• _Source material_:

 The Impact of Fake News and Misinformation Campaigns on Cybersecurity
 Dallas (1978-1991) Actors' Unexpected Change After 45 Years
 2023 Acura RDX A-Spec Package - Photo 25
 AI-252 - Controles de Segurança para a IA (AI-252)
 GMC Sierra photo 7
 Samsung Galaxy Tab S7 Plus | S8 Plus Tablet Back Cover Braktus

• _Directions_: Would you copy the data exactly as shown above?

• _Final answer_:
 The Impact of Fake News and Misinformation Campaigns on Cybersecurity
 Dallas (1978-1991) Actors' Unexpected Change After 45 Years
 2023 Acura RDX A-Spec Package - Photo 25
 AI-252 - Controles de Segurança para a IA (AI-252)
 GMC Sierra photo 7
 Samsung Galaxy Tab S7 Plus | S8 Plus Tablet Back Cover Braktus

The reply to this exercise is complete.